Territory of the Pļavnieki for many centuries was used as agricultural land and was added to Riga only in 1974. The name "Pļavnieki" is derived from Latvian word "pļava" meaning meadow. Project of the new residential neighbourhood for 60,000 people was finished in 1978. Majority of the current residential buildings are built in 1980s. Pļavnieki is one of the most densely inhabited neighbourhoods in Riga.

The total area of the Pļavnieki neighborhood is 2,985 km², which is approximately 2/5 less than the average neighborhood area in Riga. The length of the perimeter of the neighborhood borders is 7,664 meters. The boundaries of the Pļavnieki neighborhood in nature are clearly readable as they follow major roads. The current building structure in Pļavnieki largely differs from the building structure in neighboring neighborhoods. Pļavnieki is a densely populated neighborhood with predominantly 9 to 16-story buildings, as well as individual 18-story buildings.

History 
The Pļavinieki neighborhood was annexed to the city of Riga in 1974. The Pļavnieki multi-storey residential district was primarily built in the 1980s on former agricultural lands (hence its name). The organization of the residential district's plan was determined by the "Pilsētprojekts" institute with a 1978 detailed plan of the territory, whose architects were Ēvalds Fogelis, Meinards Medinskis and Ivars Millers. 

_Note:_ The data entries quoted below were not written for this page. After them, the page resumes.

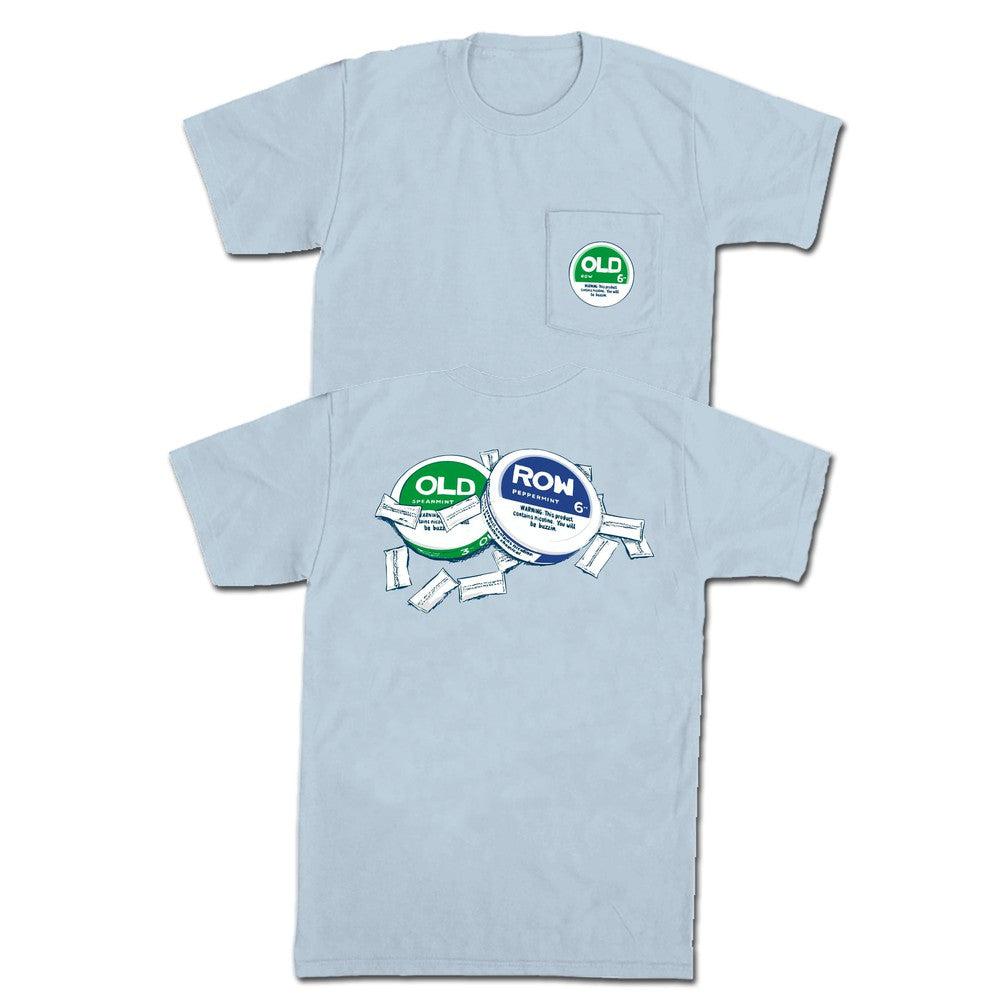 The Buzzin' Pocket Tee | Old Row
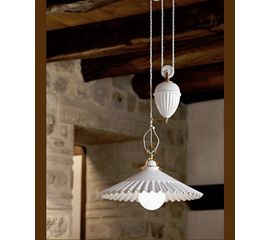 Подвесной светильник Aldo Bernardi Duse 2115, фото 1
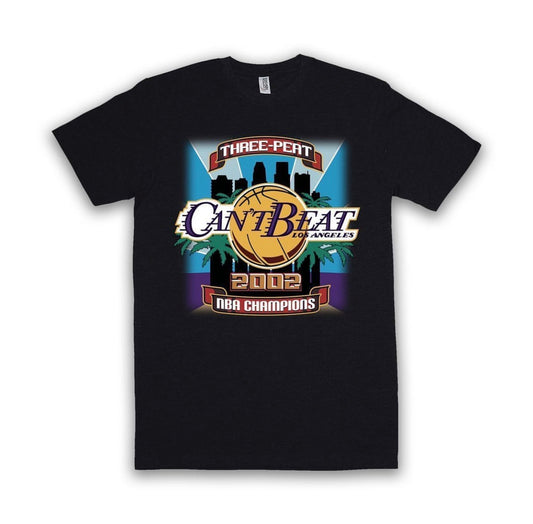 OG THREE-PEAT TEE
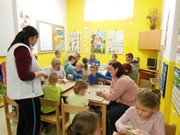 Velikonoční tvoření s rodiči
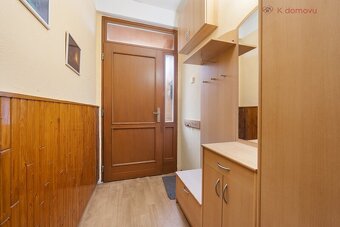 Prodej RD 5+2 v obci Kunovice s dvorkem a zahradou, okr. Uhe - 16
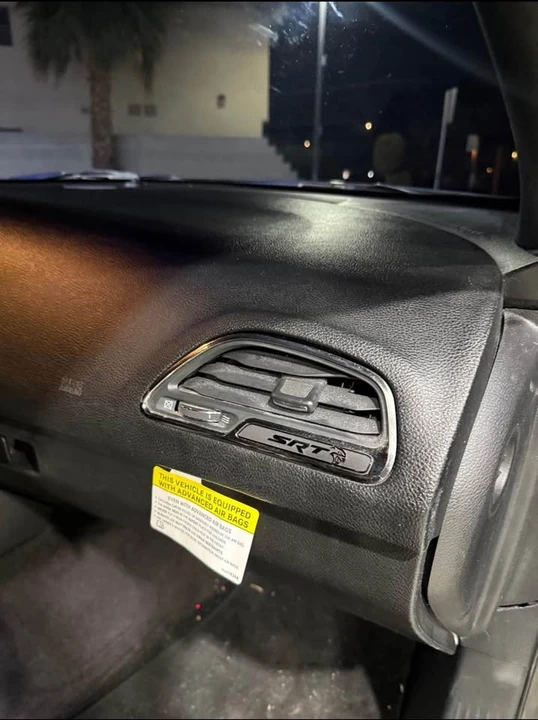 2019 Dodge Challenger SRT8 & 392 3rd Gen - Image 4 of 7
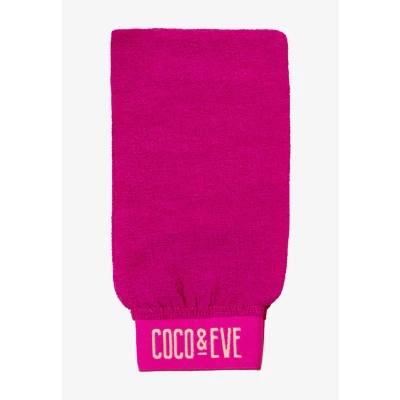 Abbildung von Coco &amp; Eve Sunny Honey Express Exfoliating MITT Gesichtspflege Zubehör, Damen, Größe: 200 ml, Not defined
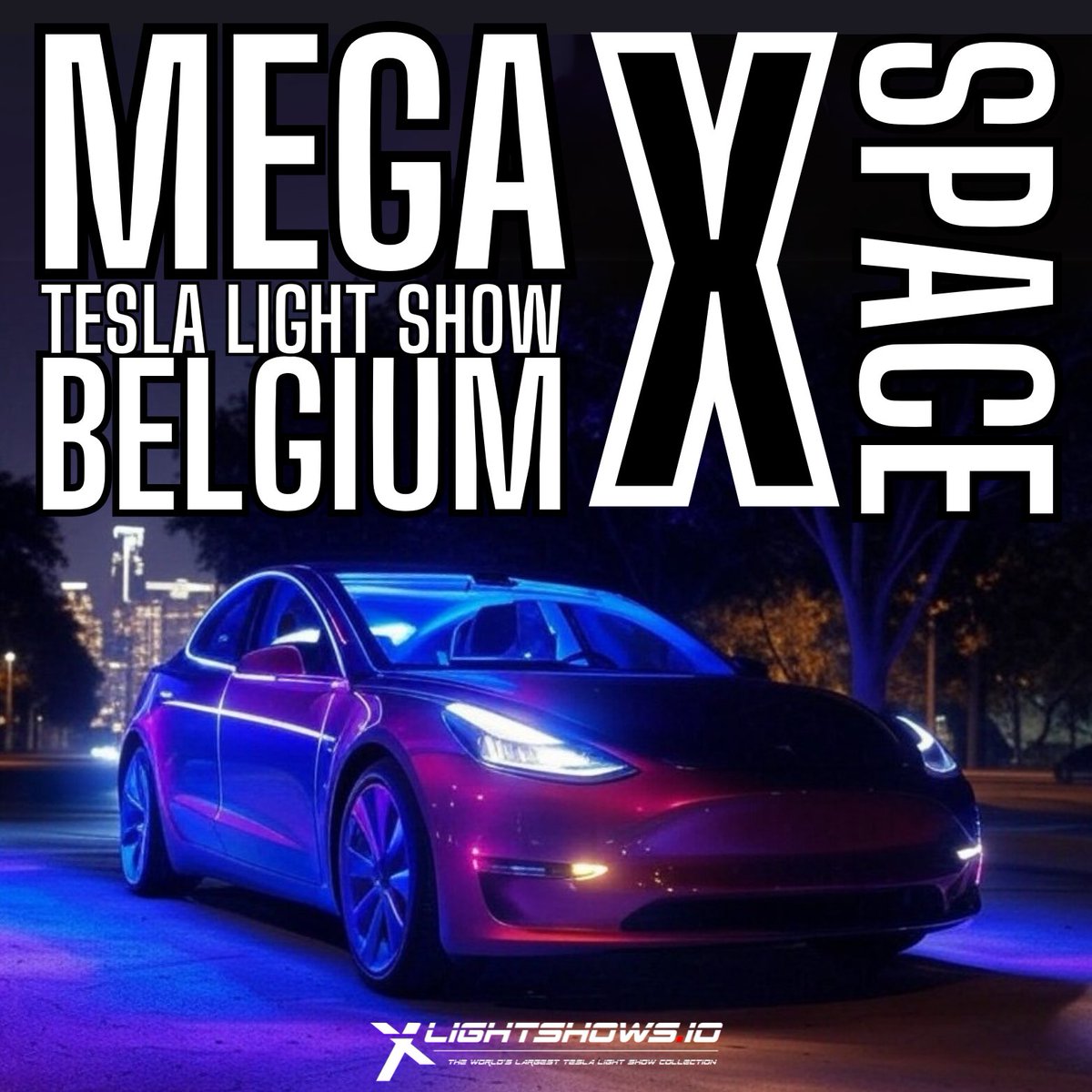 Simon Pollock (née Tesla Light Shows) (@teslalightshows) on Twitter photo LET’S GET EXCITED‼️ I’ll be hosting an <a href="/XSpaces/">Spaces</a> to discuss our upcoming <a href="/Tesla/">Tesla</a> Light Show WORLD RECORD attempt in BELGIUM next month with <a href="/teslaclubbe/">Tesla Owners Club BE 🇧🇪</a>, <a href="/TeslaOwnersNL/">Tesla Owners Club Nederland 🇳🇱</a> & <a href="/teslaeurope/">Tesla Europe & Middle East</a> … Listen in or ask as many questions as you like about what to expect and what’s in store LET’S GET EXCITED‼️ I’ll be hosting an <a href="/XSpaces/">Spaces</a> to discuss our upcoming <a href="/Tesla/">Tesla</a> Light Show WORLD RECORD attempt in BELGIUM next month with <a href="/teslaclubbe/">Tesla Owners Club BE 🇧🇪</a>, <a href="/TeslaOwnersNL/">Tesla Owners Club Nederland 🇳🇱</a> & <a href="/teslaeurope/">Tesla Europe & Middle East</a> … Listen in or ask as many questions as you like about what to expect and what’s in store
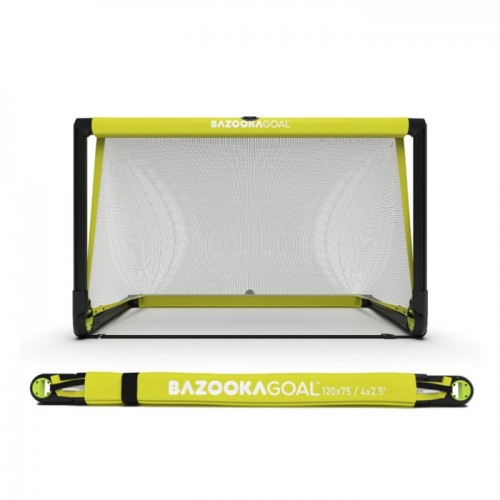 BAZOOKAGOAL (PVC) - YELLOW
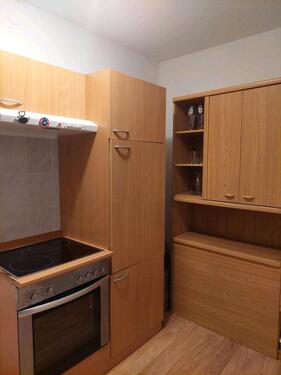 Foto - 3-Zimmer-Wohnung, 59 m², 500 €Monat, ab 1Oktobet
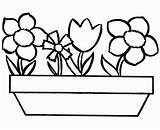 Rose Coloring Pages For Girls Flowers  sketch template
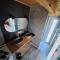 Tiny House Flensburg Luv - Hornholz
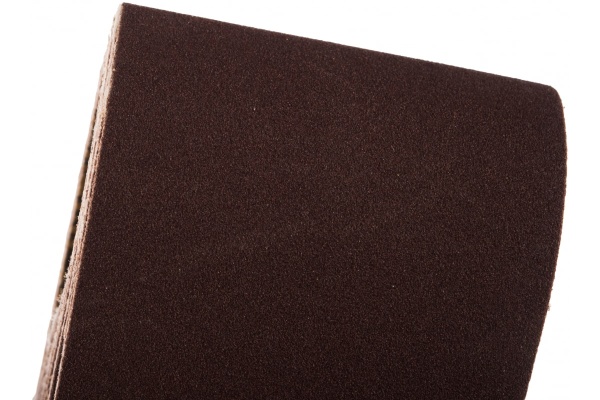 Лента шлифовальная (10 шт; 75х533 мм; P150) ПРАКТИКА 032-973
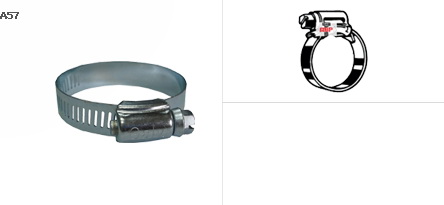 เหล็กรัดชุบกาวาไนซ์ WS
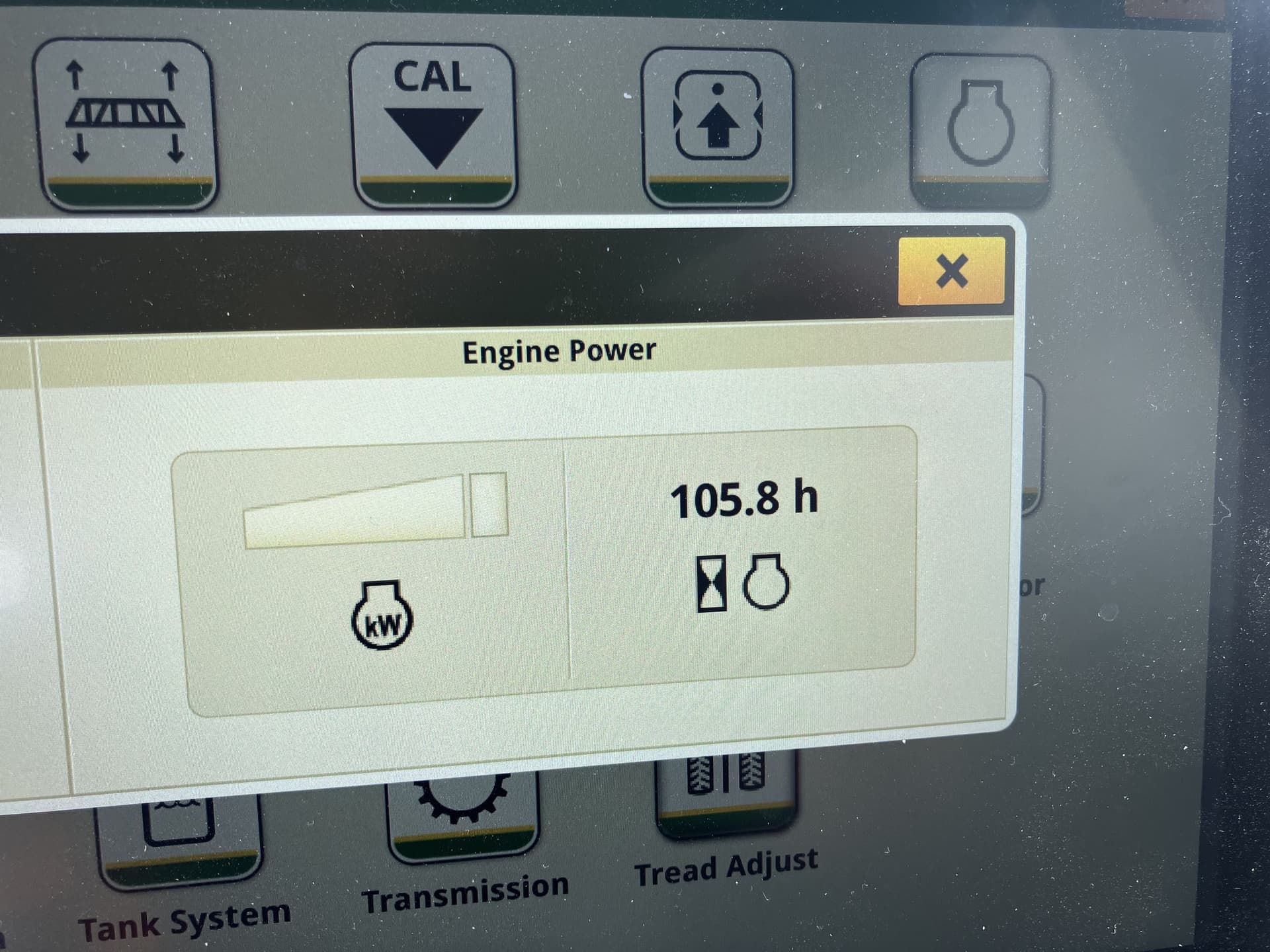 2025 John Deere 408R Image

The Pļavnieki residential district consists of five micro-neighborhoods with approximately 60,000 residents, as well as a public and commercial center along Andrejs Saharova Street (formerly Felix Dzerzhinsky Street). Pļavnieki is one of the most densely populated multi-storey residential districts in Riga, with mostly 9 to 16-storey buildings, but there are also individual 18-storey buildings on Lubānas Street, which were only completed in 1990. 

The Pļavnieki complex was intentionally designed similar to the early 20th century perimeter streets of Riga, which were supposed to have decorative sculptures, but this was never implemented. The Pļavnieki building project was developed by architects A. Āboliņš, Ēvalds Fogelis, Gunta Lukstiņa, Alīda Ozoliņa, and Lilija Saško.